HPC resource monitoring for users
Close Companion
While chatting with some colleagues, we discussed how some applications return unusual results, even though previous runs had produced the expected results. As they were discussing ways to tell whether applications were running correctly or incorrectly, I thought it would be great to get a snapshot of what was happening on all of the nodes involved in a job. I like to think of this as "application telemetry."
A simple search on "telemetry" [1] brings up a definition like "… the process of recording and transmitting the readings of an instrument." In this case, the instrument is the high-performance computing (HPC) system, and the readings are resource aspects of the system (e.g., CPU, memory, network and storage usage, etc.). Here, the telemetry is used to help the user understand what their application was doing during execution. The keyword in that last sentence is user . The case in point: The user has access to resource usage for their application to spot problems, prompting me to revisit Remora.
Remora: REsource MOnitoring for Remote Applications [2], from the University of Texas Advanced Computing Center (TACC), combines monitoring and profiling to provide information about your application. Not strictly a profiler and not strictly a monitoring tool in the traditional sense of monitoring the entire cluster, Remora provides per-node and per-job resource utilization data that can be used to understand how an application performs on the system. The user (not just the admin) can go back and examine what was happening on systems while a job was running.
The goal of Remora is simplicity, which is achieved by using commonly installed tools that focus on the user, putting data and possibly information in the user's hands (and probably the admin's if an issue crops up). The data can also be used by admins in a collective way to understand how the system is being used.
Overview
Before diving into the ins and outs of Remora, keep in mind two things: (1) it is focused on the user, and (2) it is neither a profiling tool nor a monitoring tool. In essence, Remora is more of a higher level usage reporting tool that tells what resources your job used along with some associated details. It does not dive deep – that's more the function of a profiler – and it doesn't produce fine-grained system monitoring details; rather, it focuses on information that the user can use to understand whether a job seems to perform correctly and, if not, information that can start the "debugging" process. System administrators have access to the same information, so they too can examine the job if the user feels something went wrong.

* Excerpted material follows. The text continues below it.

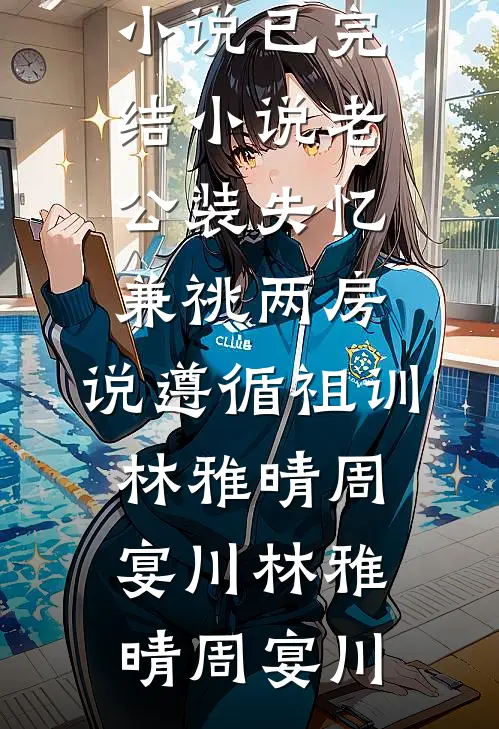 老公装失忆兼祧两房,说遵循祖训林雅晴周宴川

Remora collects several streams of information with simple userspace tools:
- Memory usage, including CPUs, Xeon Phi, and NVidia GPUs
- CPU utilization
- I/O usage – Lustre, data virtualization service (DVS)
- Nonuniform memory access (NUMA) properties
- Network topology
- Message passing interface (MPI) communication statistics (currently you have to use Intel MPI or MVAPICH2)
- Power consumption
- CPU temperatures
- Detailed application timing
To capture all this information, Remora uses SSH to connect to all the nodes used in the application by spawning a background task on each of the nodes and regularly capturing the data. However, the I/O data is only captured on the master node of the application.
No Remora-specific applications are used to gather the information. Rather, existing applications are used along with information parsed from the /proc/
table. A partial list of the tools and data sources used are:
numastat
mpstat
(one of my personal favorites)nvidia-smi
ibtracert
ibstatus
xltop
mpip
python
/proc/meminfo
/proc/[pid]/status
/proc/sys/lnet/stats
/sys/class/infiniband
Remora uses these tools and sources to collect information at a specific interval while the application runs. Because Remora runs in user space, it only collects information associated with the application and can't gather escalated privileged information. In the case of MPI applications, it grabs the hostnode
list of environment variables and uses that for SSHing into the nodes for data gathering.
As of version 1.8.4, Remora requires either Intel MPI or MVAPICH2. The profiling library mpiP [3], is used in conjunction with one of these two MPI libraries to gather MPI profile stats.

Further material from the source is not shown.